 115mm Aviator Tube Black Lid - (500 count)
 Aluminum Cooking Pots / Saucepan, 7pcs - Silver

· · · · ·

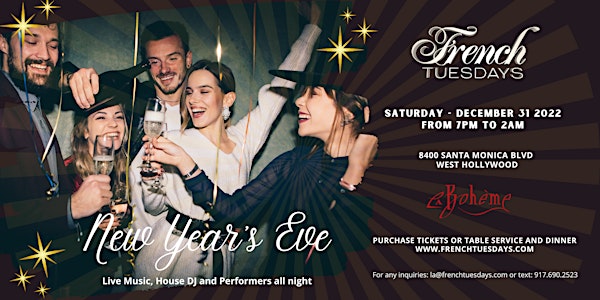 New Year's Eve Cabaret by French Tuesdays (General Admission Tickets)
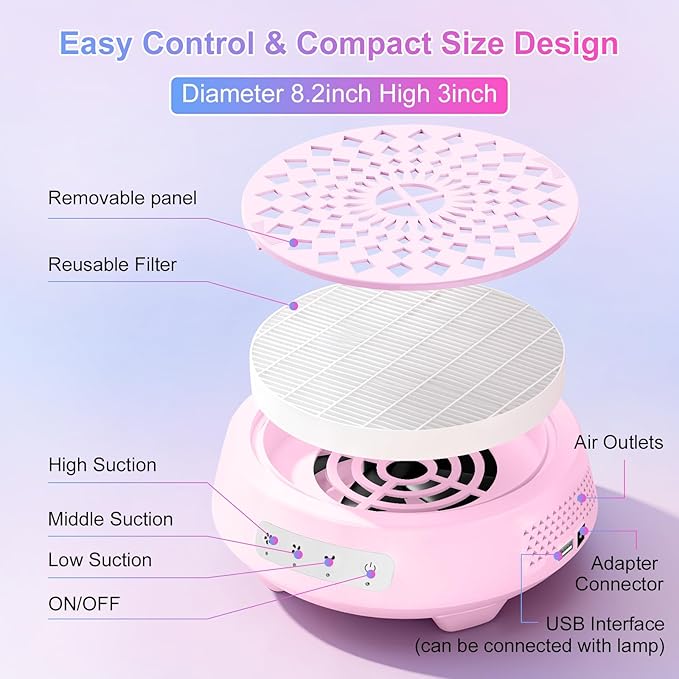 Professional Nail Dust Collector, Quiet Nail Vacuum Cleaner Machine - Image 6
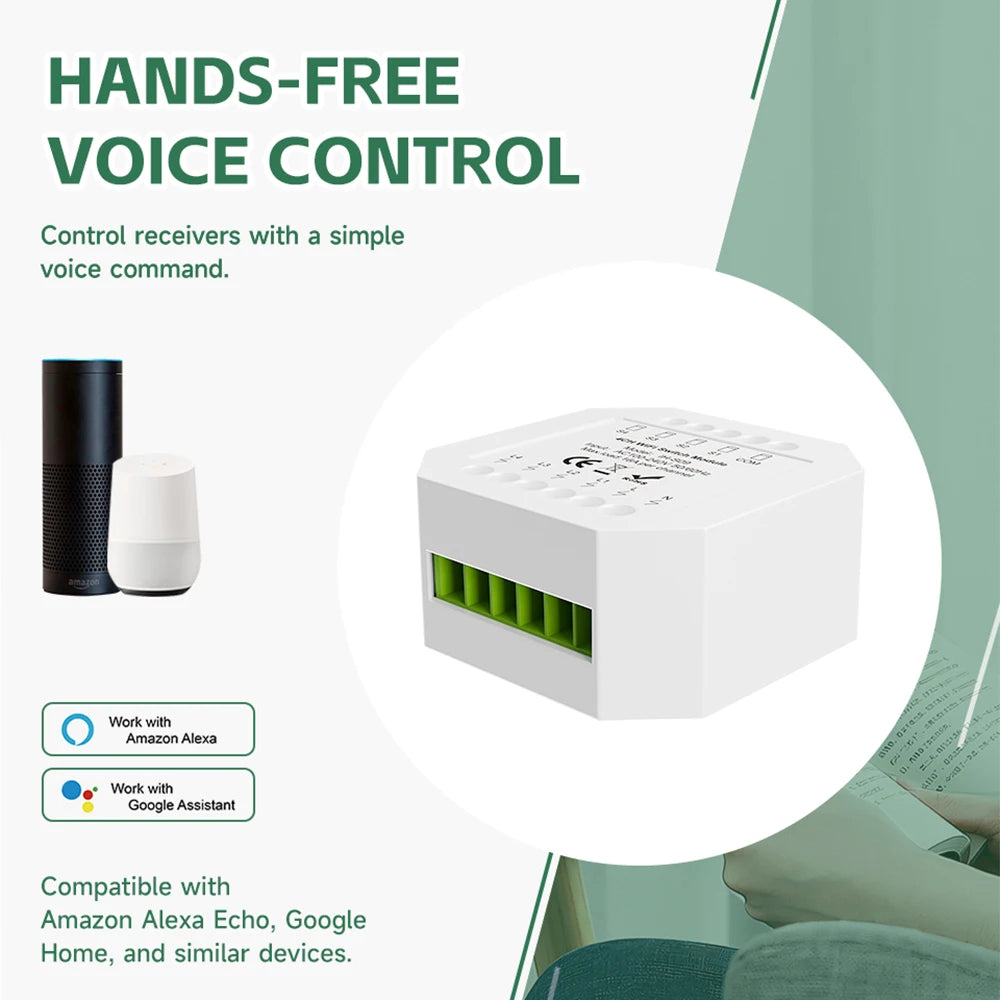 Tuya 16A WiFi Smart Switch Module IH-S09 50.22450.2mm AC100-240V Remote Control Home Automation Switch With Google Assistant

· · · · ·

■ **What you have to do**
For this exercise, set down the lines in the entries above from the one with "Professional Nail Dust" through the one with "Tuya 16A WiFi" exactly as written, without any pictures.

■ **Solved problem**
 Professional Nail Dust Collector, Quiet Nail Vacuum Cleaner Machine - Image 6
 Tuya 16A WiFi Smart Switch Module IH-S09 50.22450.2mm AC100-240V Remote Control Home Automation Switch With Google Assistant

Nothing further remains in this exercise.